Damalos & Sons, 204 Tarpon Industrial Drive, recently sent a short letter to the federal Occupational Safety and Health Administration to say the company is appealing OSHA's charges. Representatives from the company and OSHA will have a telephone conference May 25 to discuss a possible settlement, said Mike Yarnell, assistant area director of OSHA in central New Jersey.
Last month, OSHA cited the sandblasting and bridge painting company for 14 violations. The agency said Damalos employees worked on suspended platforms 40 feet above the Rahway River in New Jersey without safety harnesses.

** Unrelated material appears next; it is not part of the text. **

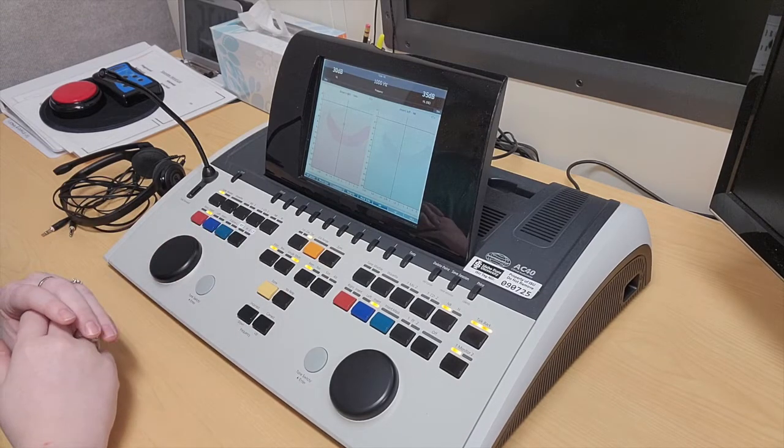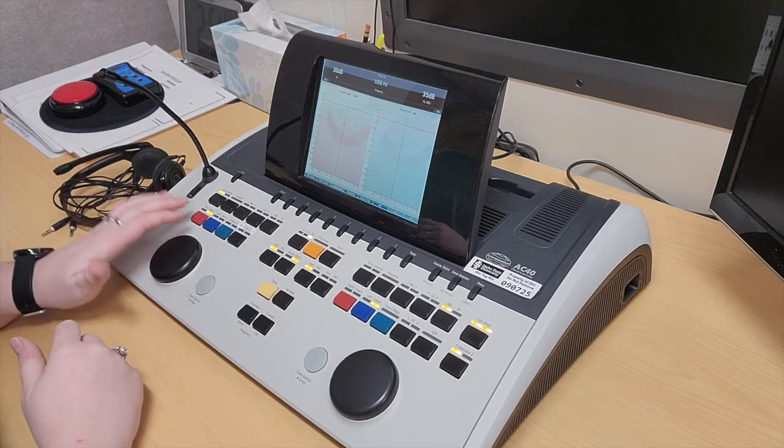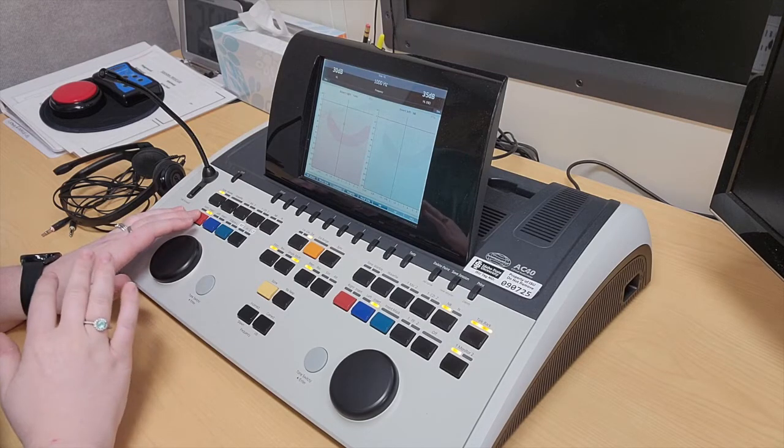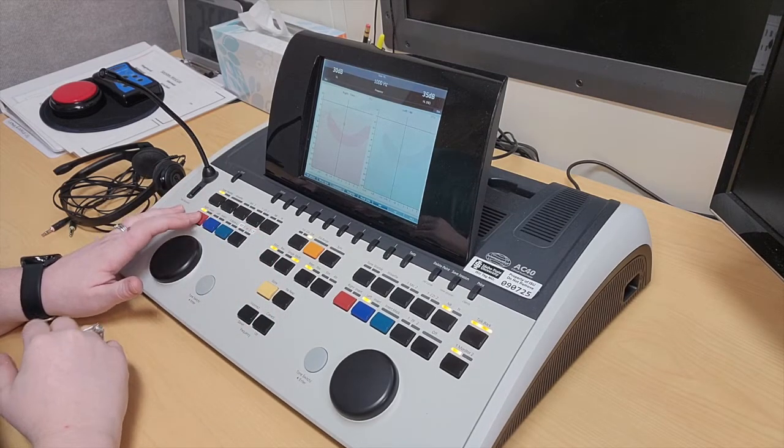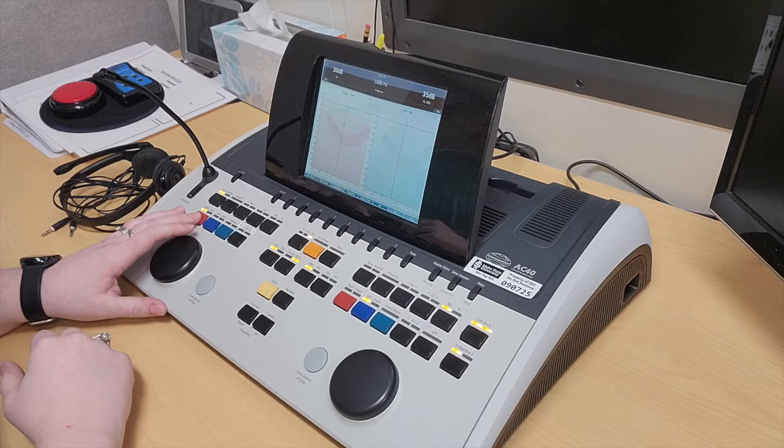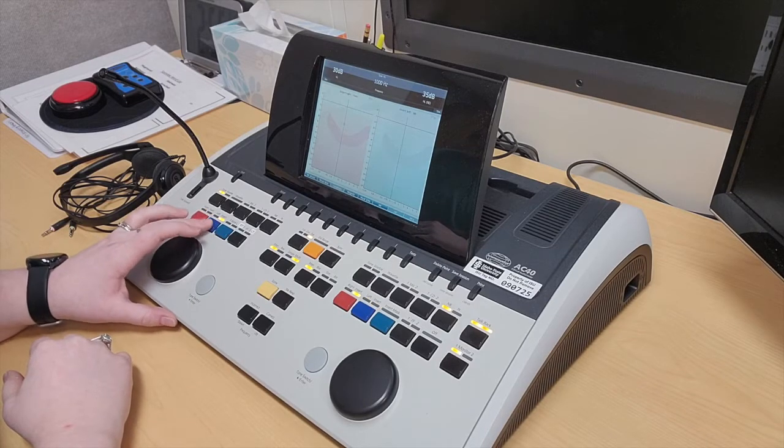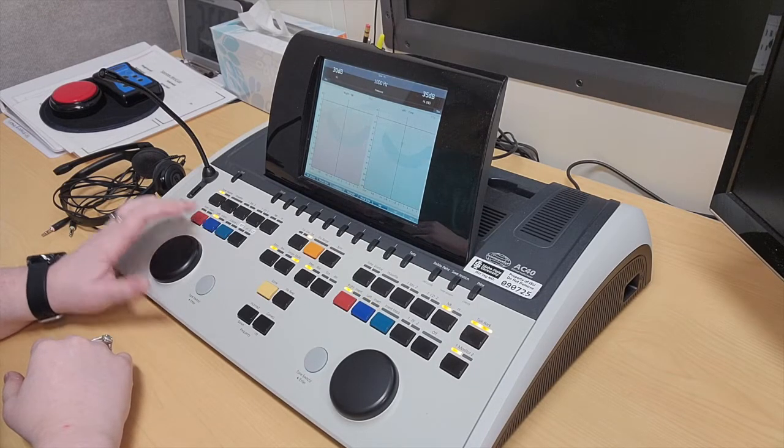In terms of selecting transducers, this button toggles between insert and supra-aural headphones. Pressing that, and then the same here for the left one.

OSHA has proposed $441,000 in penalties for not providing personal fall-arrest systems for employees. The agency proposed fines of $9,000 for fall protection, scaffolding and highway barricade violations, and $6,000 for not having a life-saving boat available for employees working over water.
The company also was cited for the life-saving boat violation in May 1998 at a work site in Decatur, Ala., OSHA officials said.
Representatives from Damalos & Sons did not immediately return calls seeking comment.
Yarnell said the company's violations were so significant that they were reviewed by "the highest levels in our agency."
"We don't have a lot of these kinds of cases," he said.
If settlement talks are not successful, he said, the case could go to trial.
Prior to the latest charges, OSHA had cited the company for 86 violations.
In December, Damalos Inc. and Damalos & Sons entered a plea agreement with the federal government to pay $500,000 in fines stemming from two regulatory cases and a federal criminal charge that the company filed false lab reports of workers' blood lead levels. A joint OSHA-FBI investigation revealed that test results for five workers had been altered by an associate of the company.
The altered reports made it seem that the blood lead level of five workers was below federal standards, the U.S. Attorney's Office said. In reality, federal officials said, one worker's blood level exceeded the lead standard by more than 75 percent.